» **Your assignment**
Please restate the material below word for word, from the first line through the one that contains "Разъём OBD-II для", inclusive.
********************
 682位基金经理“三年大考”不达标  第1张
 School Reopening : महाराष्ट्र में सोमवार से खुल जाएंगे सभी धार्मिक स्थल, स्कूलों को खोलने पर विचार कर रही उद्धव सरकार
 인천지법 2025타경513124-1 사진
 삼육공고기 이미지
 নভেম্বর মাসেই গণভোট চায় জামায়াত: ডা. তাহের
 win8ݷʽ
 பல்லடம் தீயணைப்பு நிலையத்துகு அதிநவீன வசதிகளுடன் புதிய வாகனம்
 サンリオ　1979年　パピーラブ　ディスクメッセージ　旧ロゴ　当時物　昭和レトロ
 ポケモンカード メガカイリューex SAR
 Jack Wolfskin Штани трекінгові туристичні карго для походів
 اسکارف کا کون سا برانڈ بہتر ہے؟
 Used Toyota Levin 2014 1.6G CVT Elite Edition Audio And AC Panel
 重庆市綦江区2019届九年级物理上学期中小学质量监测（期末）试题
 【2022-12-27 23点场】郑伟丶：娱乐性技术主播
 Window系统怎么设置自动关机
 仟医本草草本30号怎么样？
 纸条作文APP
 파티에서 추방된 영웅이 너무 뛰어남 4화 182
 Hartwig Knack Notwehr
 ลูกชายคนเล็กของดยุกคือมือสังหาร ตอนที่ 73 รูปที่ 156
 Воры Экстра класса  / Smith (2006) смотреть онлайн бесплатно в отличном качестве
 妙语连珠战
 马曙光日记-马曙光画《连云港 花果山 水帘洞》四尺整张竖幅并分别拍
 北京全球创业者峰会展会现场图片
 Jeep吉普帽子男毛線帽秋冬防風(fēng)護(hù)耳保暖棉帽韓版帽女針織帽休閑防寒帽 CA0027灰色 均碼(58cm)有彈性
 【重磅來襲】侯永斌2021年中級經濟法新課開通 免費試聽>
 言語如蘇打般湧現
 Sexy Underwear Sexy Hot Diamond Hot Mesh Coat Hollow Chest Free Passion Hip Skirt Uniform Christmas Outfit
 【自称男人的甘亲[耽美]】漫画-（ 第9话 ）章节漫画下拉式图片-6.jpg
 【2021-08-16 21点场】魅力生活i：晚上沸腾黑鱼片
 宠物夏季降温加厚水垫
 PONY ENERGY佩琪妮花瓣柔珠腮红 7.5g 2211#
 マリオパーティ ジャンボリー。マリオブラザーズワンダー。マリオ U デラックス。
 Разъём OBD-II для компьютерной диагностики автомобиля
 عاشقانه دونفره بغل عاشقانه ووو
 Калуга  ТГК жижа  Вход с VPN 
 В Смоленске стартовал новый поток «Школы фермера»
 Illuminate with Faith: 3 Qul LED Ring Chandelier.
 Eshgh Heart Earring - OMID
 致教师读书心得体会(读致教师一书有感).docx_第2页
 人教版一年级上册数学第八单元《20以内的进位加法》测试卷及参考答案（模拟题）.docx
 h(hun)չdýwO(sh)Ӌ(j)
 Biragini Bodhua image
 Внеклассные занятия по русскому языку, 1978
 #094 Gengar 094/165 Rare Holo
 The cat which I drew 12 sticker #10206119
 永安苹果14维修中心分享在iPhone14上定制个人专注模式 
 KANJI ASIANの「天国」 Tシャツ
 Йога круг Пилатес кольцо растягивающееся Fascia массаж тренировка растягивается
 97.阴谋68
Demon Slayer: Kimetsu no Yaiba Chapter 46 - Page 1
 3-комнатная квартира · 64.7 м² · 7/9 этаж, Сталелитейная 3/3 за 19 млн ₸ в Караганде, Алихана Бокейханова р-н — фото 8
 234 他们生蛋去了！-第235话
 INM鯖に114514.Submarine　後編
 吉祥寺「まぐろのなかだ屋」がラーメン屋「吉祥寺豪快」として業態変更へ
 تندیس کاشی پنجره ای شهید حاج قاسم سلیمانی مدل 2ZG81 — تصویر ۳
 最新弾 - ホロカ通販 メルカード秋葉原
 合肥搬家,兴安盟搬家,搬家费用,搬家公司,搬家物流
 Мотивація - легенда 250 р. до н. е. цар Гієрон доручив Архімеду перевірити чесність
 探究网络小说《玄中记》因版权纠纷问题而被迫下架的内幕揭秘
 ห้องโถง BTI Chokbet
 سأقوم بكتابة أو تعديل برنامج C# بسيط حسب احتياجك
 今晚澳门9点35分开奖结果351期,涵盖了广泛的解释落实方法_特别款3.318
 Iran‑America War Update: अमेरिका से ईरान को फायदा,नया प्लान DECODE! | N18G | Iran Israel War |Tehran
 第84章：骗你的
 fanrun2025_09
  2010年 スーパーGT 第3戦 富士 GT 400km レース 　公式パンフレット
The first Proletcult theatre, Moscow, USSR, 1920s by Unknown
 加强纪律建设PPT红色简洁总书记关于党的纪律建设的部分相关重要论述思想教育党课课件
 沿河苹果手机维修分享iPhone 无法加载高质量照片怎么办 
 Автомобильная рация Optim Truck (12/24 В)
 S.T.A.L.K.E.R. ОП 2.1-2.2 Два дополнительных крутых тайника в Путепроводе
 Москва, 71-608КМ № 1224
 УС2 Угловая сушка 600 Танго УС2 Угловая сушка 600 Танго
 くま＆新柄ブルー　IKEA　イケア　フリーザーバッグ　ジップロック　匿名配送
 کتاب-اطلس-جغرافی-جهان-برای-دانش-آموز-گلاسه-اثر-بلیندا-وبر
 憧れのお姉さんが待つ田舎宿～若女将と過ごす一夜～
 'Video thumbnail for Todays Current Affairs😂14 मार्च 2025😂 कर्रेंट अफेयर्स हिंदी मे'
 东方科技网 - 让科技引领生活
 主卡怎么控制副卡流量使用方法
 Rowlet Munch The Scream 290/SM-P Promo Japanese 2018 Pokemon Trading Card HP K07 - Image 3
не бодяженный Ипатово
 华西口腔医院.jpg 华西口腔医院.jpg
********************
» **Solved problem**
 682位基金经理“三年大考”不达标  第1张
 School Reopening : महाराष्ट्र में सोमवार से खुल जाएंगे सभी धार्मिक स्थल, स्कूलों को खोलने पर विचार कर रही उद्धव सरकार
 인천지법 2025타경513124-1 사진
 삼육공고기 이미지
 নভেম্বর মাসেই গণভোট চায় জামায়াত: ডা. তাহের
 win8ݷʽ
 பல்லடம் தீயணைப்பு நிலையத்துகு அதிநவீன வசதிகளுடன் புதிய வாகனம்
 サンリオ　1979年　パピーラブ　ディスクメッセージ　旧ロゴ　当時物　昭和レトロ
 ポケモンカード メガカイリューex SAR
 Jack Wolfskin Штани трекінгові туристичні карго для походів
 اسکارف کا کون سا برانڈ بہتر ہے؟
 Used Toyota Levin 2014 1.6G CVT Elite Edition Audio And AC Panel
 重庆市綦江区2019届九年级物理上学期中小学质量监测（期末）试题
 【2022-12-27 23点场】郑伟丶：娱乐性技术主播
 Window系统怎么设置自动关机
 仟医本草草本30号怎么样？
 纸条作文APP
 파티에서 추방된 영웅이 너무 뛰어남 4화 182
 Hartwig Knack Notwehr
 ลูกชายคนเล็กของดยุกคือมือสังหาร ตอนที่ 73 รูปที่ 156
 Воры Экстра класса  / Smith (2006) смотреть онлайн бесплатно в отличном качестве
 妙语连珠战
 马曙光日记-马曙光画《连云港 花果山 水帘洞》四尺整张竖幅并分别拍
 北京全球创业者峰会展会现场图片
 Jeep吉普帽子男毛線帽秋冬防風(fēng)護(hù)耳保暖棉帽韓版帽女針織帽休閑防寒帽 CA0027灰色 均碼(58cm)有彈性
 【重磅來襲】侯永斌2021年中級經濟法新課開通 免費試聽>
 言語如蘇打般湧現
 Sexy Underwear Sexy Hot Diamond Hot Mesh Coat Hollow Chest Free Passion Hip Skirt Uniform Christmas Outfit
 【自称男人的甘亲[耽美]】漫画-（ 第9话 ）章节漫画下拉式图片-6.jpg
 【2021-08-16 21点场】魅力生活i：晚上沸腾黑鱼片
 宠物夏季降温加厚水垫
 PONY ENERGY佩琪妮花瓣柔珠腮红 7.5g 2211#
 マリオパーティ ジャンボリー。マリオブラザーズワンダー。マリオ U デラックス。
 Разъём OBD-II для компьютерной диагностики автомобиля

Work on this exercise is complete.